SOURCE MATERIAL:
+--
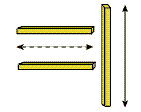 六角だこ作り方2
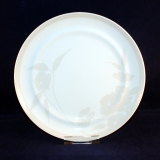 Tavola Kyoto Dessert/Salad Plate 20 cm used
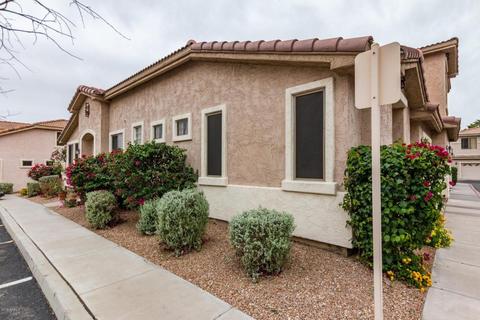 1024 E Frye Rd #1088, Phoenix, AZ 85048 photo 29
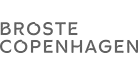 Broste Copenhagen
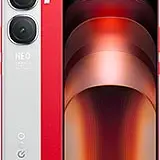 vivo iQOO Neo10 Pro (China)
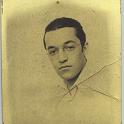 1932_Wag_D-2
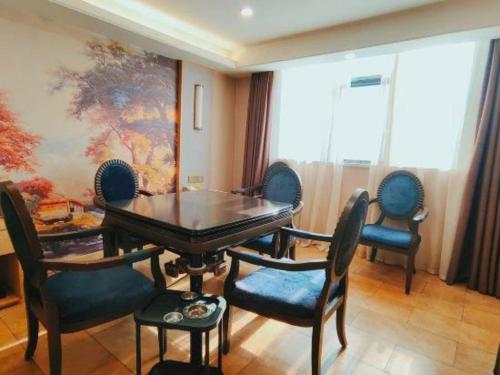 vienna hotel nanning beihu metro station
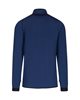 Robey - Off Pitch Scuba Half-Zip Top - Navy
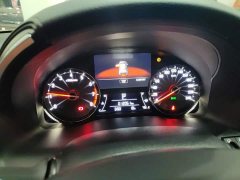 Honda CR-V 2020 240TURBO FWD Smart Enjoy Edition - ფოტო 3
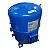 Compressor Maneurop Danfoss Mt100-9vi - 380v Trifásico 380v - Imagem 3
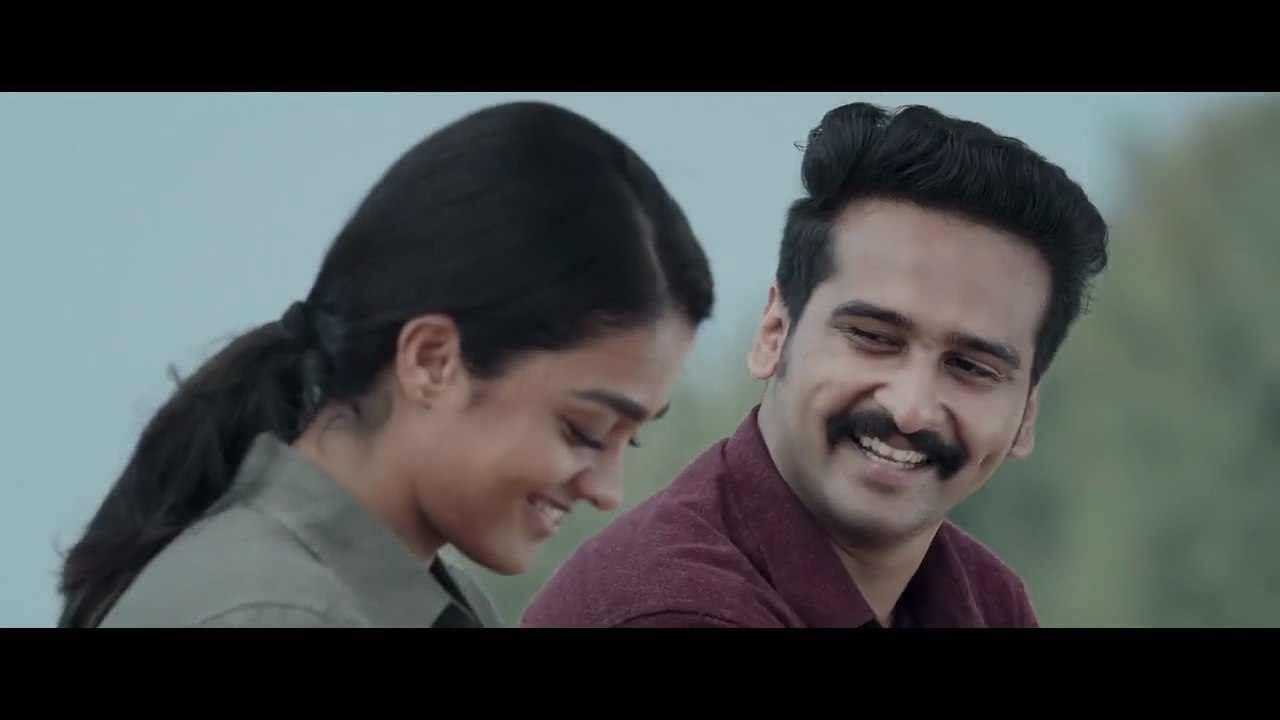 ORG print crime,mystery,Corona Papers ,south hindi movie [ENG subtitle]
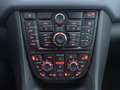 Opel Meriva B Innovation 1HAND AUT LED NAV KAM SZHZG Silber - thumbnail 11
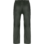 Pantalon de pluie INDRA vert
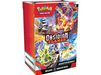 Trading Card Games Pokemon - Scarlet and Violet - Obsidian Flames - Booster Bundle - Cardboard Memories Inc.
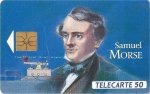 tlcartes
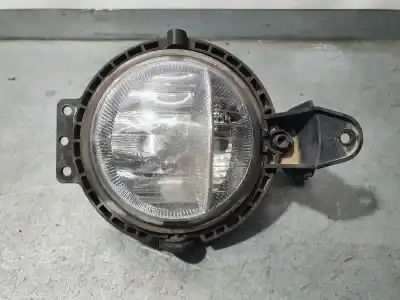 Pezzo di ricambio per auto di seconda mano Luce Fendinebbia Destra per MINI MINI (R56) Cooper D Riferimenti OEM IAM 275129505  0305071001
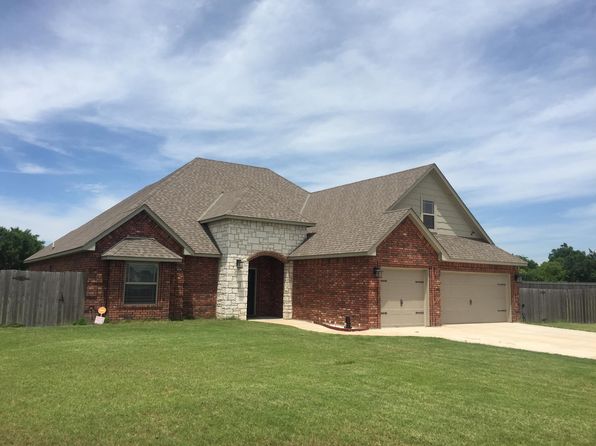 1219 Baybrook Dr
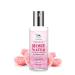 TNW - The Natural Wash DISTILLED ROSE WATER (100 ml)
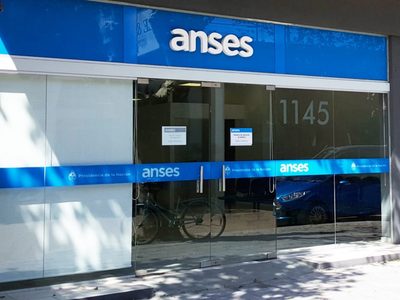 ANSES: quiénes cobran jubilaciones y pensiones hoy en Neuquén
+--
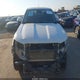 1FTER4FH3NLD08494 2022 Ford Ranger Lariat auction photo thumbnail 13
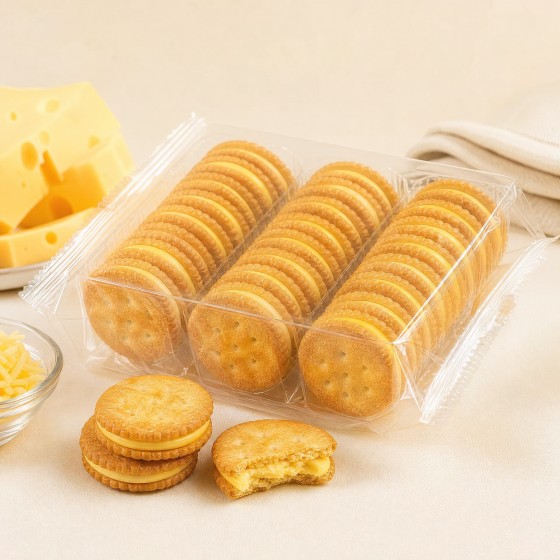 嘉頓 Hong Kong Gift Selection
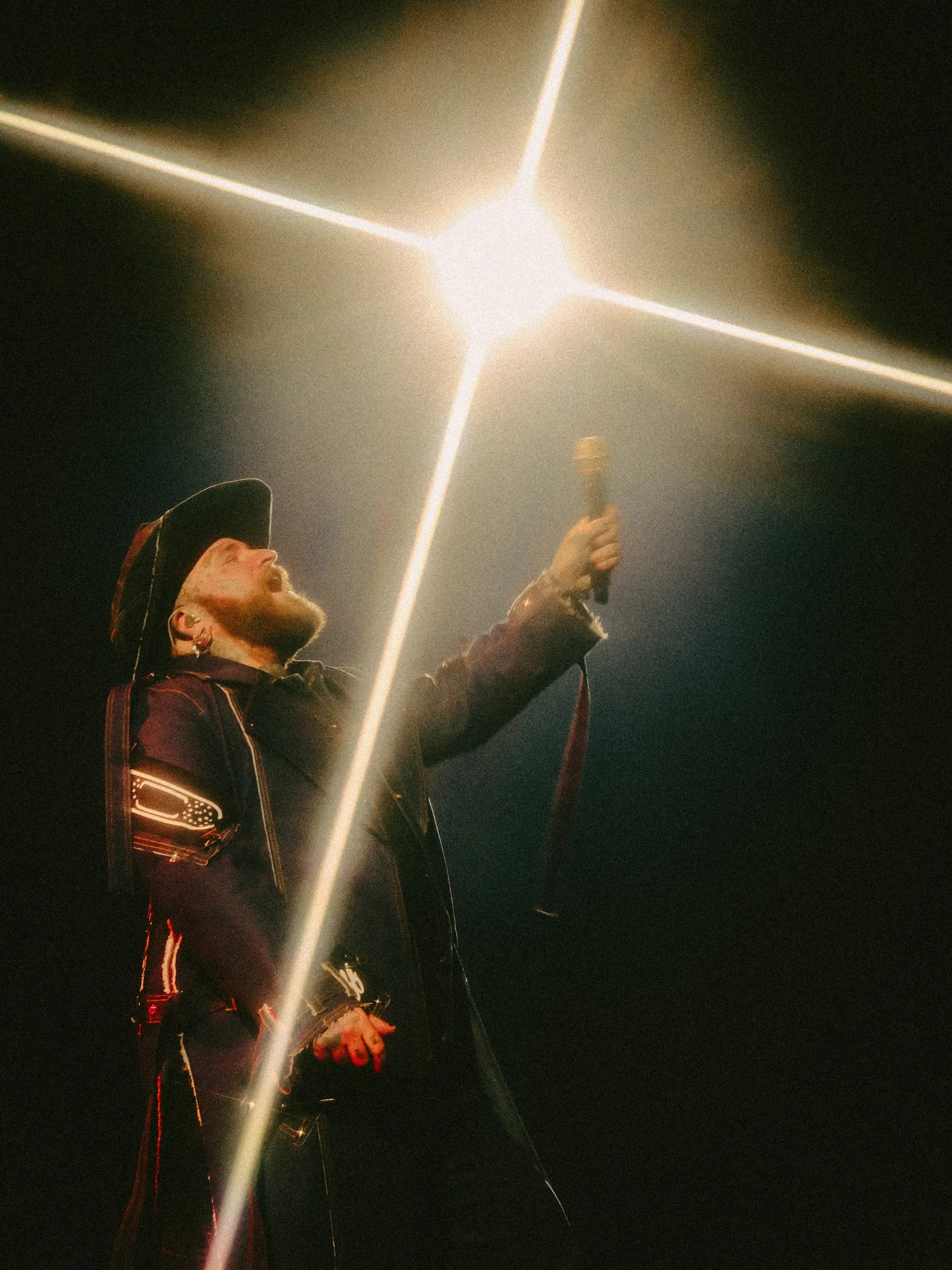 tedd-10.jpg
+--
Leaving out all pictures, set down exactly the lines of the material above, from the line with "Pantalon de pluie INDRA vert" to the line with "ANSES: quiénes cobran" inclusive, and no others.

 Pantalon de pluie INDRA vert
 Trading Card Games Pokemon - Scarlet and Violet - Obsidian Flames - Booster Bundle - Cardboard Memories Inc.
 tlcartes
 Pezzo di ricambio per auto di seconda mano Luce Fendinebbia Destra per MINI MINI (R56) Cooper D Riferimenti OEM IAM 275129505  0305071001
 1219 Baybrook Dr
 TNW - The Natural Wash DISTILLED ROSE WATER (100 ml)
 ANSES: quiénes cobran jubilaciones y pensiones hoy en Neuquén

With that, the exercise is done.